Author ORCID Identifier

https://orcid.org/0000-0002-8210-6057

Date Available

12-15-2022

Year of Publication

2020

Degree Name

Doctor of Philosophy (PhD)

Document Type

Doctoral Dissertation

College

Nursing

Department/School/Program

Nursing

First Advisor

Dr. Terry A. Lennie

Abstract

Medication adherence is an ongoing challenge for patients with heart failure (HF) that can adversely affect mortality, morbidity, and quality of life. Living with a spouse has been associated with better adherence while living alone has been associated with poor adherence. Other factors demonstrated to affect adherence include medication complexity, perceived barriers to adherence, and depressive symptoms. Interestingly, the effect of these latter factors on adherence has not been examined in the context of the patient’s living arrangement. The purpose of this dissertation was to investigate the relationships among medication complexity, perceived barriers, and depressive symptoms with medication adherence across living arrangements of patients with HF using secondary analyses of data from an HF data registry.

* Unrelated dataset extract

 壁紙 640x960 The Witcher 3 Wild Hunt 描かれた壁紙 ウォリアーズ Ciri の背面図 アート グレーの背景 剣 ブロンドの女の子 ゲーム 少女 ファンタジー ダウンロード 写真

The first study was a secondary data analysis of 130 patients with HF and examined the association between medication complexity and medication adherence across living arrangements. Exploratory nonlinear regression with gamma log link was used to determine if there was an association between medication complexity and medication adherence, ANOVA, and Chi-square to test differences across living arrangements. There was no association between medication complexity and medication adherence; however, patients with HF that lived with spouses had better medication adherence than patients that lived with non-spousal family and friends. There was a higher number than expected participants in the group that lives with non-spousal family or friends in the financial category that doesn’t have enough to make ends meet.

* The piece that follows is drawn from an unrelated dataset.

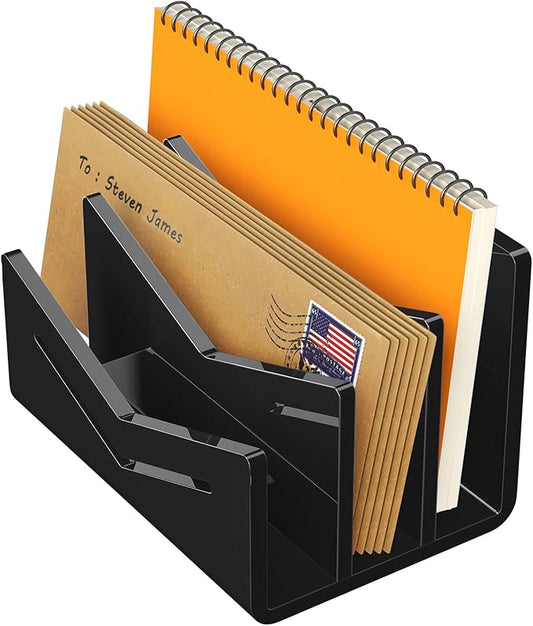 Beego Envelope and Mail Organizer Countertop - 3 Compartments Black Acrylic Desk Organizer Letter Holder Desktop File Sorter Bill Document Folder Rack for Office, Home, School Desk Organization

The second study was a secondary data analysis of 209 patients with HF to determine the association between perceived barriers and medication adherence using an exploratory nonlinear regression with gamma log link. ANOVA and Chi-square were used to determine differences across living arrangements. There was no association between perceived barriers and medication adherence; however, patients with HF that lived with spouses had better medication adherence than patients that lived with non-spousal family and friends. The group that lived with non-spousal family or friends had significantly higher mean depressive scores than the other two groups. There were also a higher than expected number of participants in the group that lives with non-spousal family or friends in the financial category that didn’t have enough to make ends meet.

The third study was a secondary data analysis using the same registry to determine whether perceived social support moderates the moderation effect of living arrangements on the association between depressive symptoms and medication adherence. The model was significant in that depressive symptoms and two moderators (i.e., living arrangement and perceived social support) explained 13.2% of the variance of medication adherence. Among the predictors, the only interaction among depressive symptoms, the living alone group, and perceived social support, significantly predicted medication adherence. We found that a three-way interaction (X*W*Z: depressive symptom X living arrangement X perceived social support) was significant. This indicated that the effect of depressive symptoms on medication adherence was significantly moderated by the living arrangement moderated by perceived social support.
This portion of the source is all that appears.